Community, Diversity, Sustainability and other Overused Words

Final Death Toll in Lahaina, Maui Fires May Exceed 1500. Do the Math Yourself.

The New York Times says that only 3% of the destroyed town has been searched. 89 bodies have been found. If you do the math, you get 2900

No one in an official capacity will admit it, and it's too horrible to contemplate. But it's also a question of simple mathematics. Only 89 people have been confirmed dead in the August 9th fire that destroyed Maui's old town of Lahaina. But up to 1500 people are reported to be missing.

The New York Times posted Saturday that only 3% of the wreckage had been searched. 89 bodies have been found. 89 times 33 equals 2937.

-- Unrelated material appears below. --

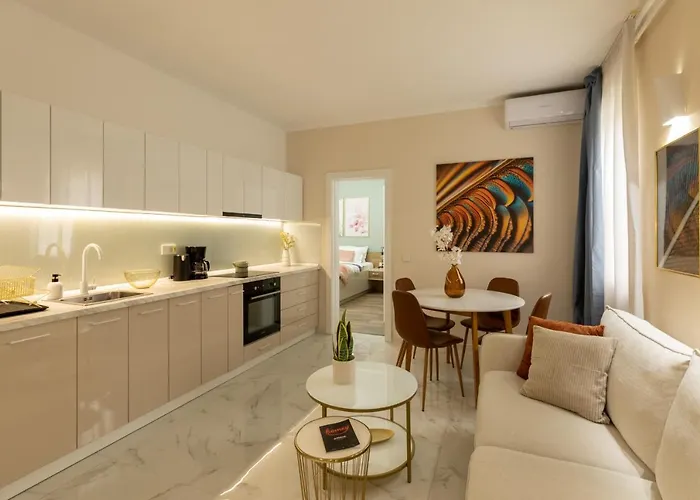 Dream - Prime Location 2br In * 부쿠레슈티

Disturbingly, cell phones failed minutes before the disastrous wildfire entered the city limits. The town's tsunami alarm system also failed, as the power failed when the fire approached the town. In many ways it was the worst sequence of events imaginable. No electricity meant no way to warn people. Many survivors indeed report that they received no warning. No sirens or text messages came.

2200 structures, 86% of the damaged or destroyed buildings were residential. FEMA estimates it will take $5.5 billion to rebuild, and reconstruction will take 5 years.

"Hawaii Wildfires Death Toll in Maui Inferno Reaches 89," says the New York Times.

"Gov. Josh Green of Hawaii said the number would likely increase as search efforts proceeded in Lahaina, the historic town devastated by flames. It is now the deadliest U.S. wildfire in more than 100 years."